Write out the data word for word and drop any picture you find.

• [DATA SEGMENT]
-.-.-

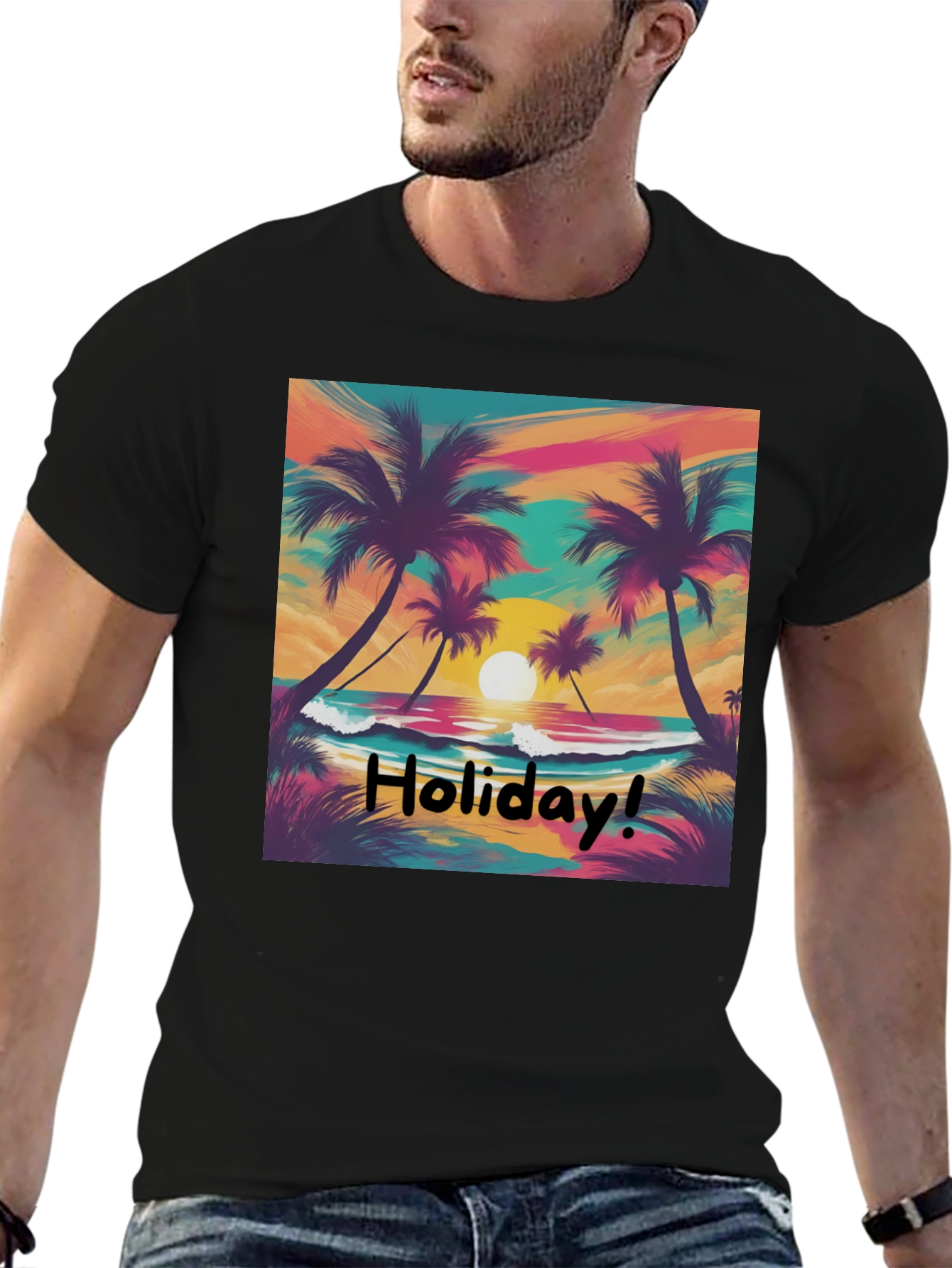 Holiday Vibes T-Shirt - Beach Sunset Design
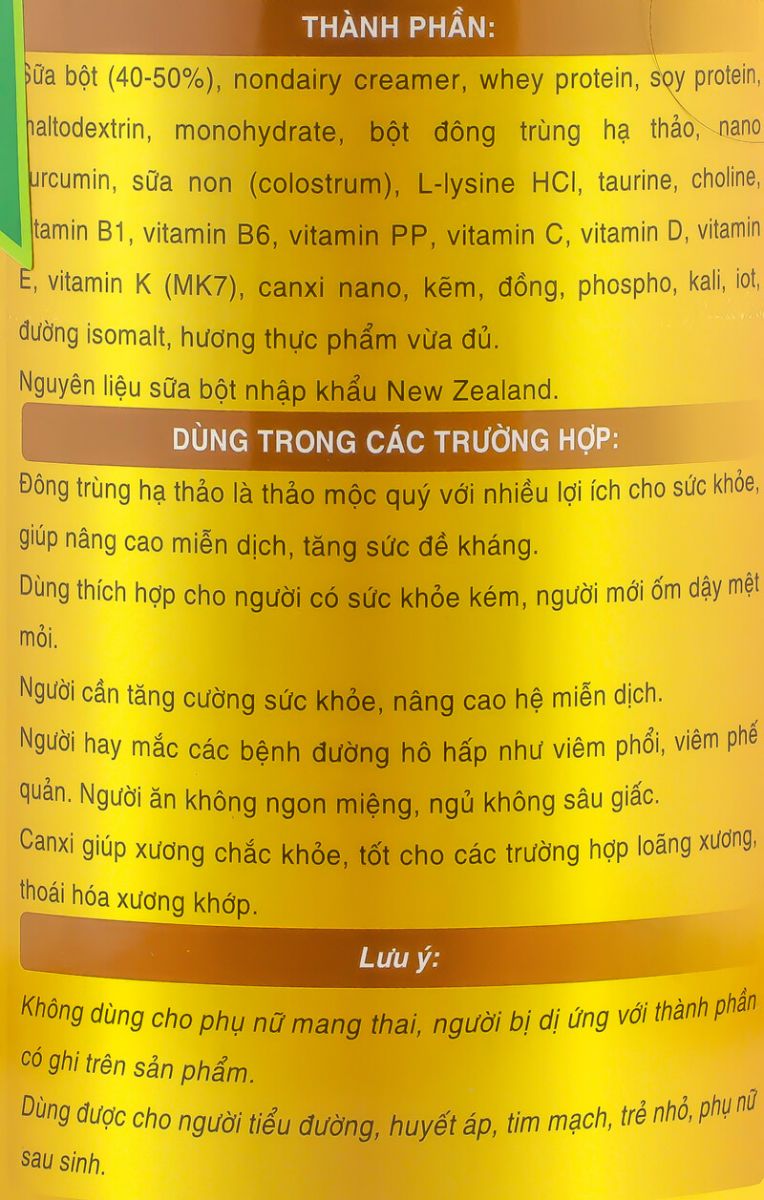 Thông tin chi tiết sữa non đông trùng hạ thảo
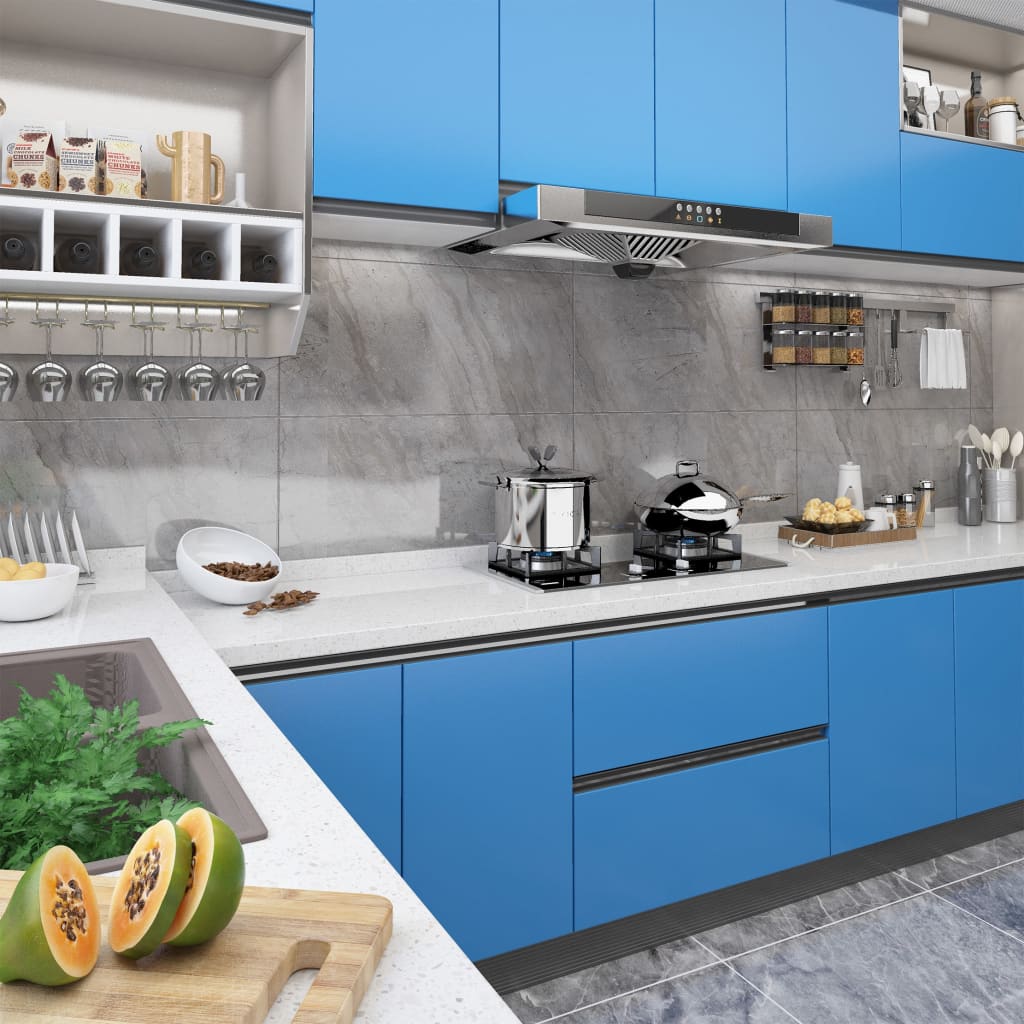 Meubelfolies zelfklevend 2 st 500x90 cm PVC azuurblauw is nu te koop bij PeponiXL, paradijselijk wonen!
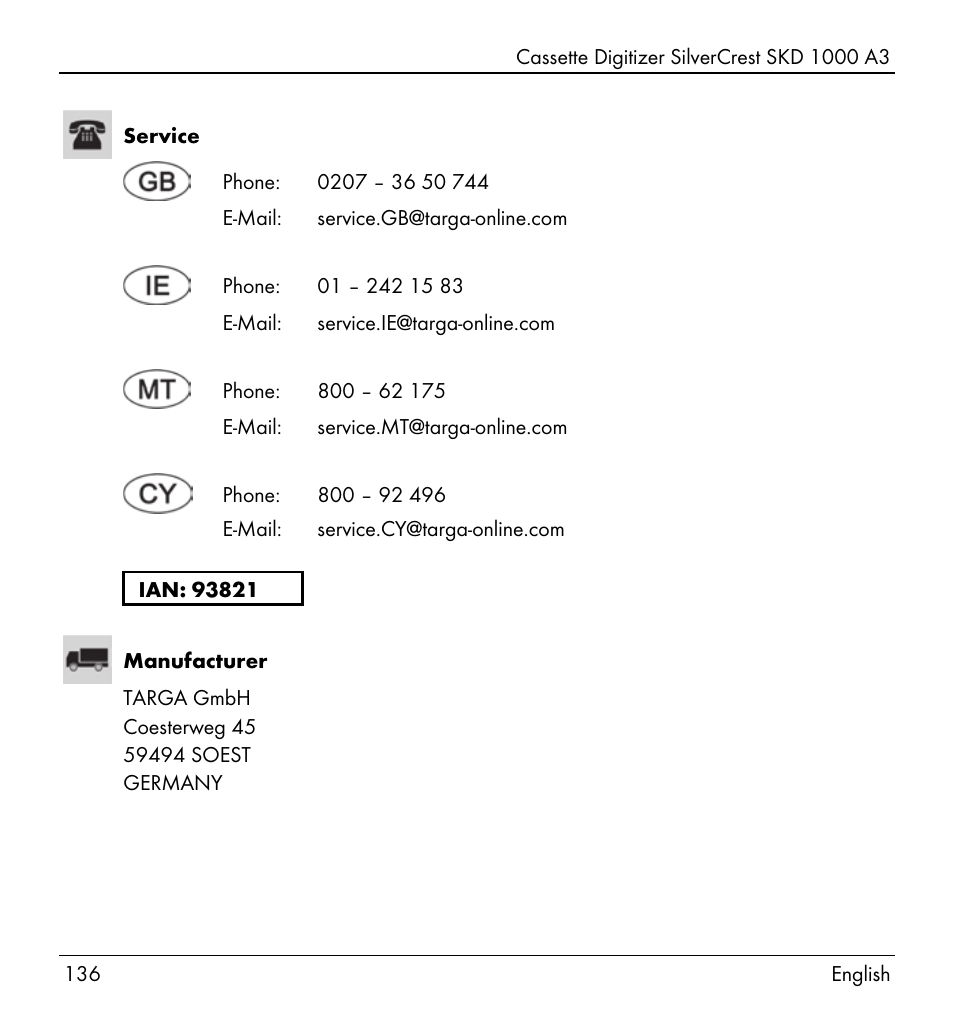 Silvercrest SKD 1000 A3 User Manual | Page 138 / 140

-.-.-

• [OUTPUT FOR THIS TASK]
 Holiday Vibes T-Shirt - Beach Sunset Design
 Thông tin chi tiết sữa non đông trùng hạ thảo
 Meubelfolies zelfklevend 2 st 500x90 cm PVC azuurblauw is nu te koop bij PeponiXL, paradijselijk wonen!
 Silvercrest SKD 1000 A3 User Manual | Page 138 / 140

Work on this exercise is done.